I'm curious how multiple players playing off the same bankroll affects the variance.

For example using the bankroll required equation,

B = -ln(R)*s^2/(2W)

Where,

B = Bankroll
R = Risk of Ruin
s = Standard Deviation
W = Win rate.

If one player is playing MTTs with:

W = 0.24 (BI)
s = 5
R = 0.01

His bankroll requirements are:

B = -ln(R)*s^2/(2W)
B = -ln(0.01)*5^2/(2*0.24)
B = 320 Buy ins.

But what would happen if his identical twin started playing with the same win rate and variance and tolerance for risk?

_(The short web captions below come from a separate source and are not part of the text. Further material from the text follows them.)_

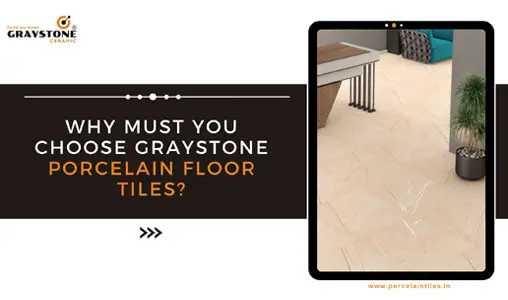 Why Must You Choose Graystone Porcelain Floor Tiles?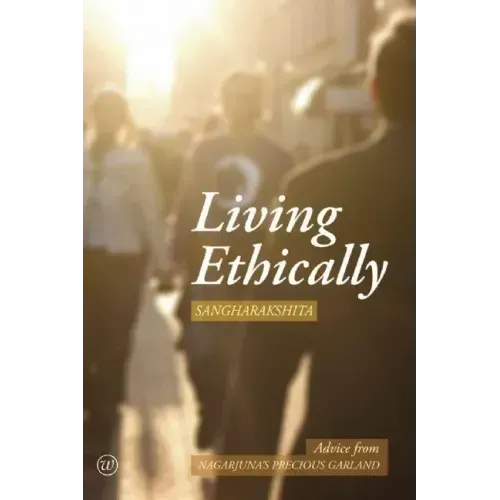 Living Ethically: Advice from Nagarjuna's Precious Garland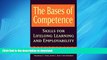 READ THE NEW BOOK The Bases of Competence: Skills for Lifelong Learning and Employability FREE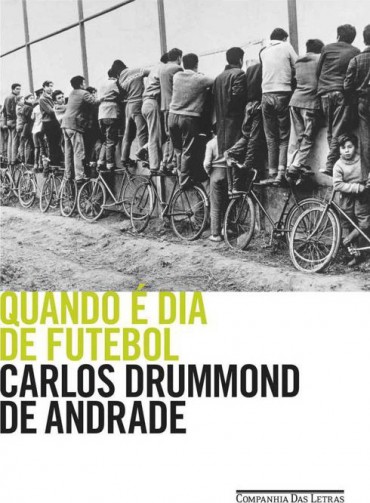 Download Quando e dia de Futebol Carlos Drummond de Andrade em ePUB mobi e pdf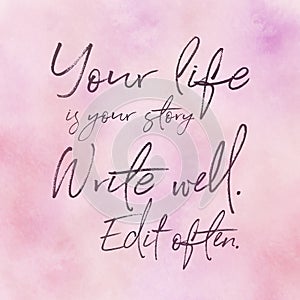 Quote - Your life is your story write well. Edit often.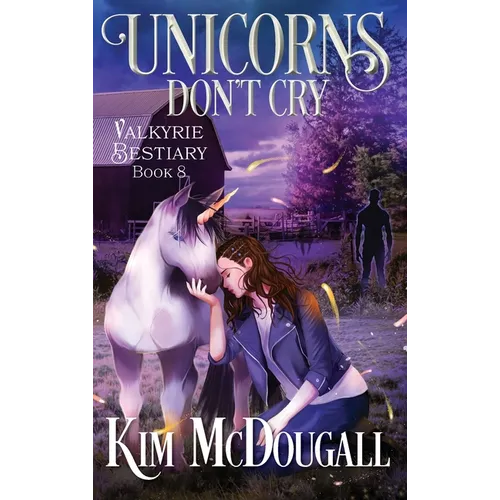 Unicorns Don't Cry - Hardcover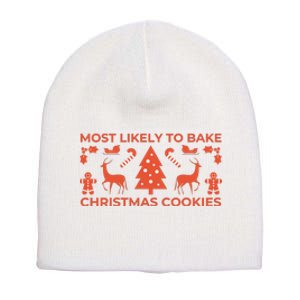 Most Likely To Bake Christmas Cookies Funny Baker Christmas Short Acrylic Beanie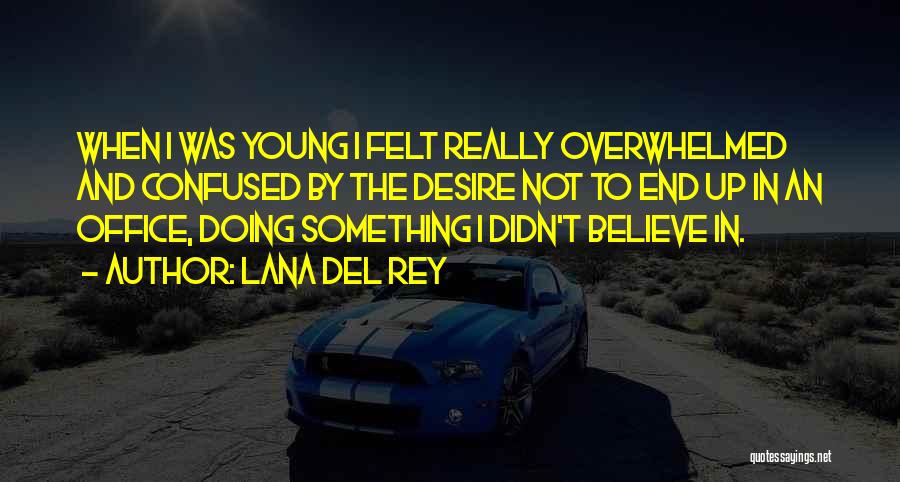 Lana Del Rey Quotes: When I Was Young I Felt Really Overwhelmed And Confused By The Desire Not To End Up In An Office,
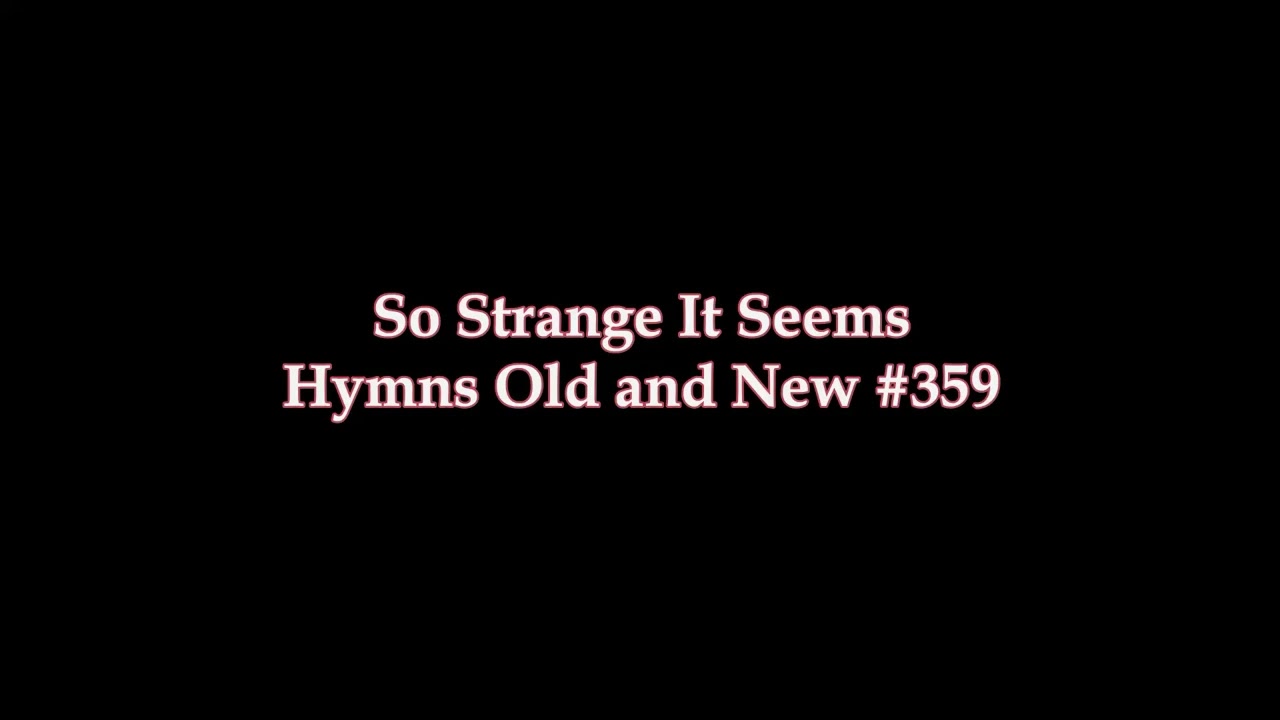 So Strange It Seems #359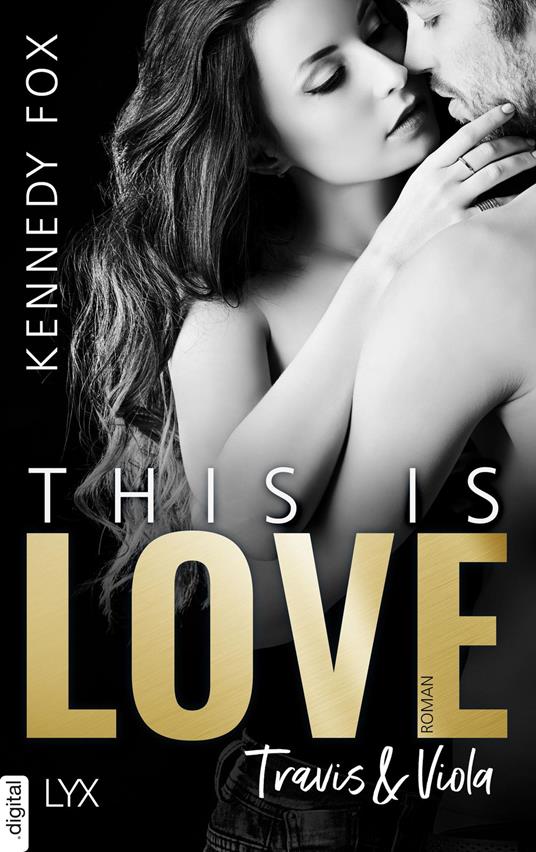 This is Love - Travis & Viola - Kennedy Fox - ebook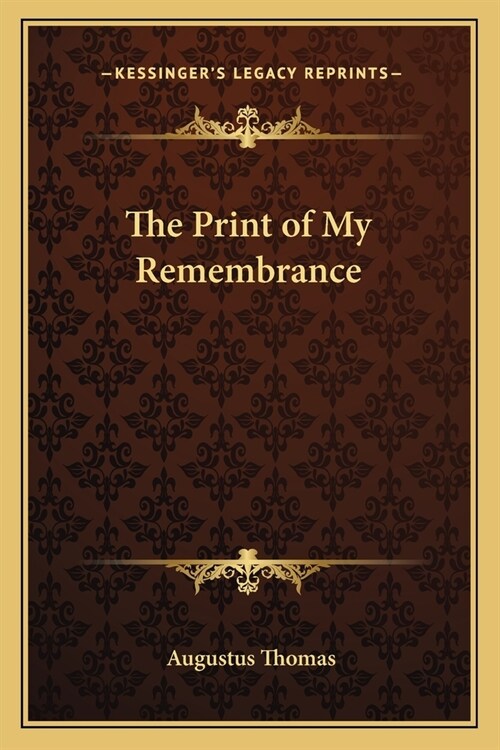 The Print of My Remembrance (Paperback)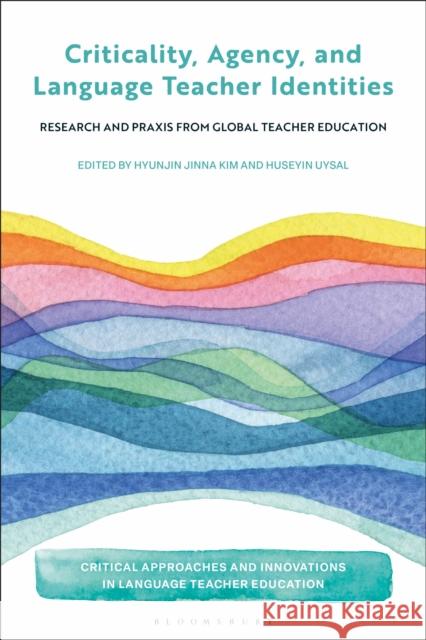 Criticality, Agency, and Language Teacher Identities: Research and PRAXIS from Global Teacher Education Hyunjin Jinna Kim Bedrettin Yazan Huseyin Uysal 9781350513846 Bloomsbury Academic - książka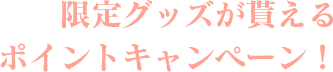 限定グッズが貰えるポイントキャンペーン！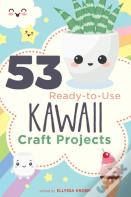 53 Ready-To-Use Kawaii Craft Projects
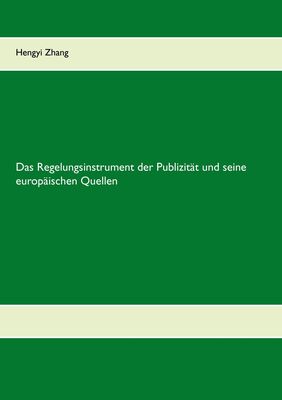 Das Regelungsinstrument der Publizität und seine europäischen Quellen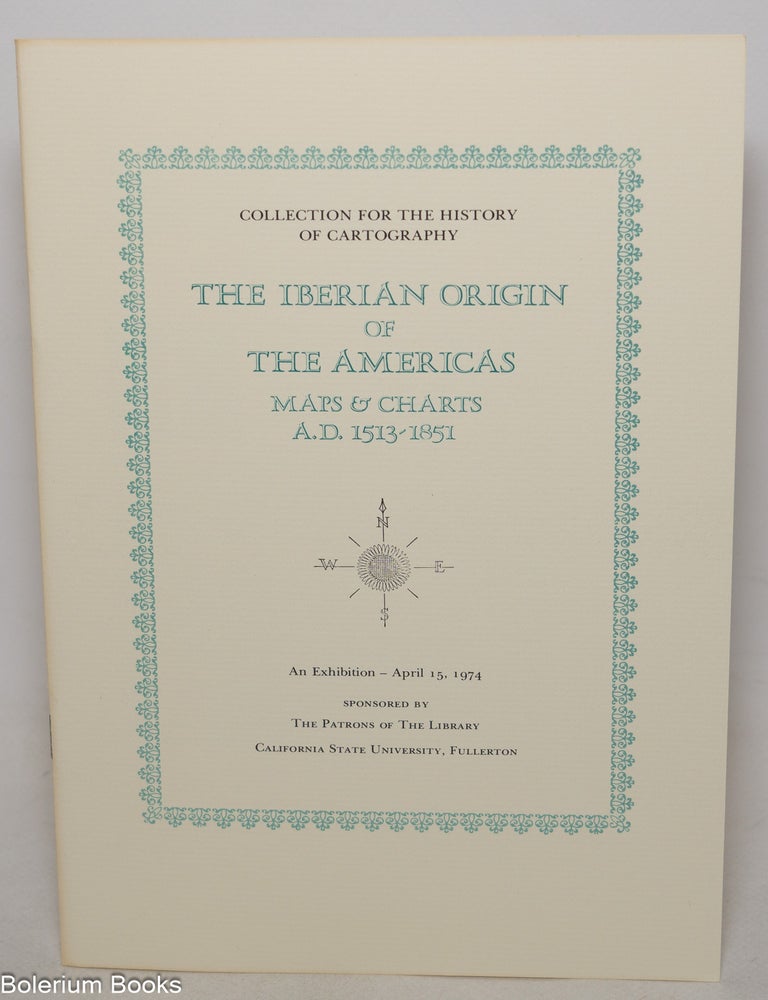 Cat.No: 346524 The Iberian Origin of the Americas, Maps & Charts A.D. 1513-1851, An Exhibition - April 15, 1974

My feeling is that because the bankroll formula and RoR assumes playing over an infinite number of hands absolutely nothing happens to the bankroll requirements? It would still be the same. Volume doesn't change RoR.

The reason I'm thinking about this is to think about the bankroll requirements of a staple of backed horses.

If you have 10 players in a staple all playing with the same WR, Variance, Risk tolerance and thus bankroll. The bankroll required is the same as if it was just one player. They just put in 10 times as much volume and volume doesn't affect bankroll requirements.

What am i trying to calculate is how much money needs to be kept behind by the backer of the staple (backers bankroll) to always have enough to reload the accounts in the cases that the $ won from the accounts that are up doesn't cover the dollars lost from the accounts that are down $.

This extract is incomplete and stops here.